WHAT YOU WILL DO:
First find the line with "Citroën C3 AIRCROSS - 10" in the entries below, then set down exactly every line through the line with "Andre Rieu at Schoenbrunn / Vienna", that line included.

PROVIDED ENTRIES:
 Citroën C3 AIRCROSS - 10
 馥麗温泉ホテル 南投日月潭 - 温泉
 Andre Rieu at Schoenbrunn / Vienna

==

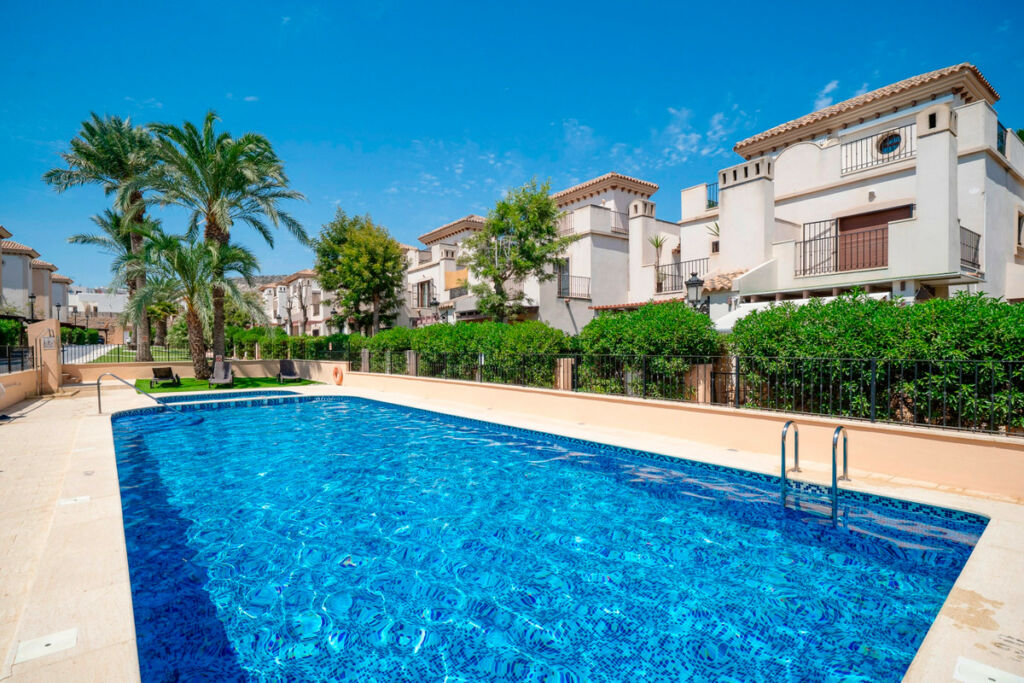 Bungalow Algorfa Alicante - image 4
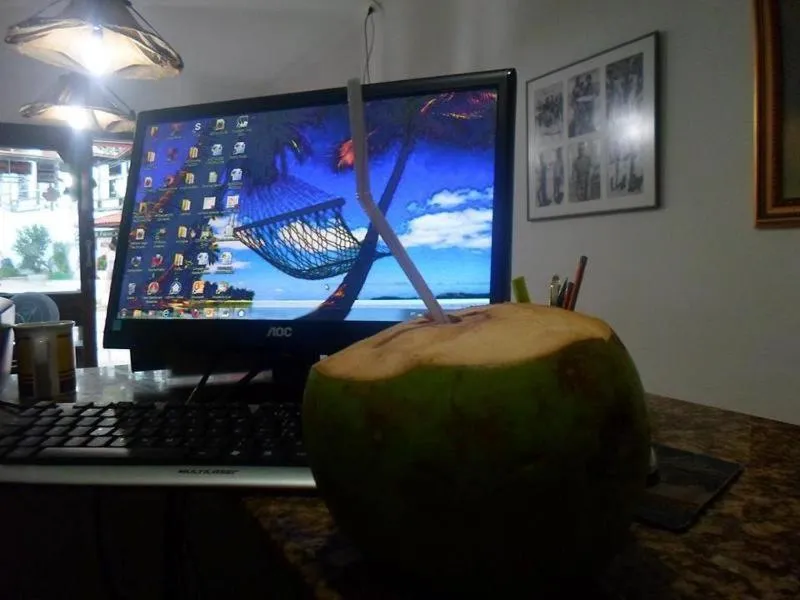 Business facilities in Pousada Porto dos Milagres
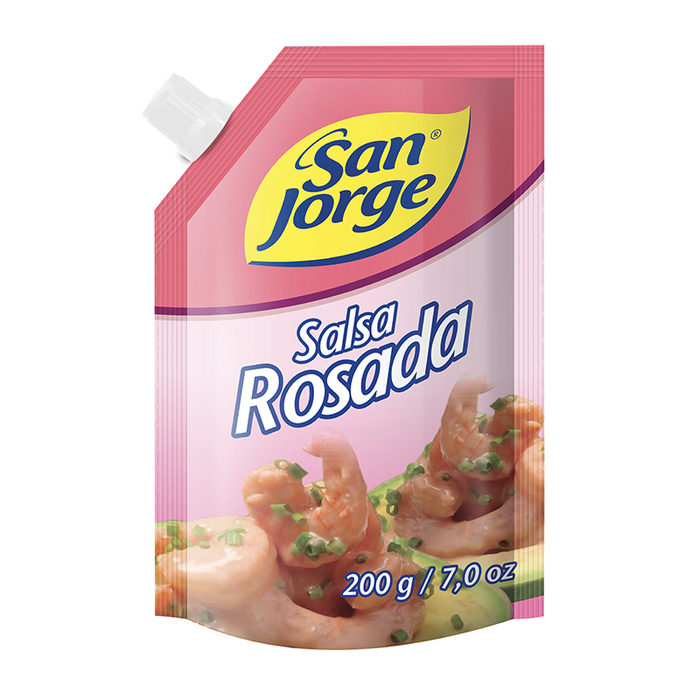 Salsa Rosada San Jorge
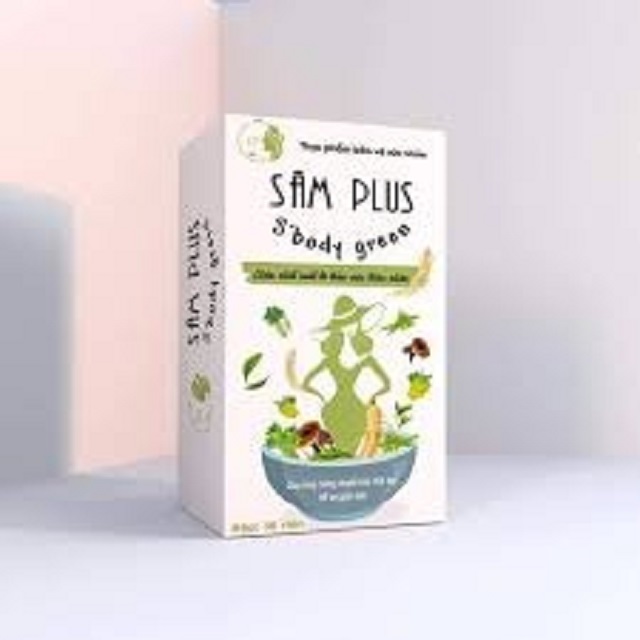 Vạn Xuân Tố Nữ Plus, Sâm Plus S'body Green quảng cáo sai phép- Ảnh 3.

RESULT:
 Citroën C3 AIRCROSS - 10
 馥麗温泉ホテル 南投日月潭 - 温泉
 Andre Rieu at Schoenbrunn / Vienna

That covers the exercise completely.